[AIM OF THE EXERCISE]
For this exercise, report every line of the material that includes "Pullover".

BEGIN EXTRACTED MATERIAL

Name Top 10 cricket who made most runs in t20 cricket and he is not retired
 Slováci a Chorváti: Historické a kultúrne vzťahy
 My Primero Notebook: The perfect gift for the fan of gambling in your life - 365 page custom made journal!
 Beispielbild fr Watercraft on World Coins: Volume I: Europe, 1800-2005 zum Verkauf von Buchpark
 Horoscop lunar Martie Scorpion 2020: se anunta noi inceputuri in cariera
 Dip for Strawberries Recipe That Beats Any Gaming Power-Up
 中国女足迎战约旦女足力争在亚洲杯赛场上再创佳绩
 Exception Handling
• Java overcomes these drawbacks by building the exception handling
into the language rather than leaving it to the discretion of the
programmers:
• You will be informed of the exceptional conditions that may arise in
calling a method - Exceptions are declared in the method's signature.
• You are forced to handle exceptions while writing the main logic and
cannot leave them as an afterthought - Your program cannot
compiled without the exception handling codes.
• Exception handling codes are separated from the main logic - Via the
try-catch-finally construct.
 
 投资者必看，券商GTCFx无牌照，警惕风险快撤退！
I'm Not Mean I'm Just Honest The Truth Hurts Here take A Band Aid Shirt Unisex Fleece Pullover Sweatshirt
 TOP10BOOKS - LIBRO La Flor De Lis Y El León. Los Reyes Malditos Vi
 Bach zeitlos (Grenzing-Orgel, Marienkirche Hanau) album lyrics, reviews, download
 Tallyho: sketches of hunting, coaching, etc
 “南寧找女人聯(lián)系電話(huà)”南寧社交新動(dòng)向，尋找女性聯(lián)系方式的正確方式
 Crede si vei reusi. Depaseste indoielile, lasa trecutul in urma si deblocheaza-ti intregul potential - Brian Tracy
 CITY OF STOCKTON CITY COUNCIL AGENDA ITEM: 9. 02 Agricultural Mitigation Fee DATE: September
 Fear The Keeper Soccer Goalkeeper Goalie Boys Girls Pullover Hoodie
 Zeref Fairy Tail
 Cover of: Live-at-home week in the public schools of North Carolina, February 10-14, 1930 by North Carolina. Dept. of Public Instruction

END EXTRACTED MATERIAL

[EXPECTED ANSWER]
I'm Not Mean I'm Just Honest The Truth Hurts Here take A Band Aid Shirt Unisex Fleece Pullover Sweatshirt
 Fear The Keeper Soccer Goalkeeper Goalie Boys Girls Pullover Hoodie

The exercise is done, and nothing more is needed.